(Source data)
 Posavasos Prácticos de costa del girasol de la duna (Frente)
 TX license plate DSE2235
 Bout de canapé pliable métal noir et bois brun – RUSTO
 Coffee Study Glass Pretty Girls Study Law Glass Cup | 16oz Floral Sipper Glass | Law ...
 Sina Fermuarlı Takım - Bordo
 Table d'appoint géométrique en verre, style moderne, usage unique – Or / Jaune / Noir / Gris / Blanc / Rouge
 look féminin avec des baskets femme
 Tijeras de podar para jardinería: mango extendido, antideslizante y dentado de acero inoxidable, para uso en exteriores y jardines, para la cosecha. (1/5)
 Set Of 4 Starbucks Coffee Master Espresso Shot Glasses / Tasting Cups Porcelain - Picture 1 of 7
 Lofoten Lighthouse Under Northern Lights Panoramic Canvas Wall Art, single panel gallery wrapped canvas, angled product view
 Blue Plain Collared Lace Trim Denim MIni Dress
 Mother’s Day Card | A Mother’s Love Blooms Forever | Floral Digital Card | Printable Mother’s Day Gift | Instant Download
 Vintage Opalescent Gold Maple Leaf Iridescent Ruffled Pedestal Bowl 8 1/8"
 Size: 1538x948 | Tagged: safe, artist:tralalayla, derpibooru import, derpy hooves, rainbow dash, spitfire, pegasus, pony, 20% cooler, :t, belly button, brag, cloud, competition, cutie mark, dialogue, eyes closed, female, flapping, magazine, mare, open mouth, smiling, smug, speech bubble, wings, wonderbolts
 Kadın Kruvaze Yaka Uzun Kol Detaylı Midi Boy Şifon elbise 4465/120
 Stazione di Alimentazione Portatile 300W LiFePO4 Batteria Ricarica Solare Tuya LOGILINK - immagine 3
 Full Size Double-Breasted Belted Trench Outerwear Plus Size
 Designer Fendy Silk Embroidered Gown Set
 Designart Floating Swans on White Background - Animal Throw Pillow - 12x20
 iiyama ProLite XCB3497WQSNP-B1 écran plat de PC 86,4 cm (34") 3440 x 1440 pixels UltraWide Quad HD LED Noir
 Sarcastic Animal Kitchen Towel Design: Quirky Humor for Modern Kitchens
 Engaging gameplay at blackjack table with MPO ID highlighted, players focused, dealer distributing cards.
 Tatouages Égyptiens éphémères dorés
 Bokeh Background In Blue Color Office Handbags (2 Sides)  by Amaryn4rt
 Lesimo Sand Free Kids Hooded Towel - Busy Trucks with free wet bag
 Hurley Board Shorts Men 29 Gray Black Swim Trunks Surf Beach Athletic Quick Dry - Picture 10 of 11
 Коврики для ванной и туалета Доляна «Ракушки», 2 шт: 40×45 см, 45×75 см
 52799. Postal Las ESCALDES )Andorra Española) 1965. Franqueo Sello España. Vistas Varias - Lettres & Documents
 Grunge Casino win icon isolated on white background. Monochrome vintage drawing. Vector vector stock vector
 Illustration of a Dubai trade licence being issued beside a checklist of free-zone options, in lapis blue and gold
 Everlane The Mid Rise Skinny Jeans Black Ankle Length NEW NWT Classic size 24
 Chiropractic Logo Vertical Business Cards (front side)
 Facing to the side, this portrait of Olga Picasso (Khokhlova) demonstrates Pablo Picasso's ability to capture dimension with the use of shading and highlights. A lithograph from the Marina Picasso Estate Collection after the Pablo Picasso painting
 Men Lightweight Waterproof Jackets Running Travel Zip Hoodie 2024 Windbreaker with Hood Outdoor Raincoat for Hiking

TASK TO COMPLETE:
Look through the records for the string "with". Copy every line that has it.

SOLUTION TO THIS PROBLEM:
 Engaging gameplay at blackjack table with MPO ID highlighted, players focused, dealer distributing cards.
 Lesimo Sand Free Kids Hooded Towel - Busy Trucks with free wet bag
 Facing to the side, this portrait of Olga Picasso (Khokhlova) demonstrates Pablo Picasso's ability to capture dimension with the use of shading and highlights. A lithograph from the Marina Picasso Estate Collection after the Pablo Picasso painting
 Men Lightweight Waterproof Jackets Running Travel Zip Hoodie 2024 Windbreaker with Hood Outdoor Raincoat for Hiking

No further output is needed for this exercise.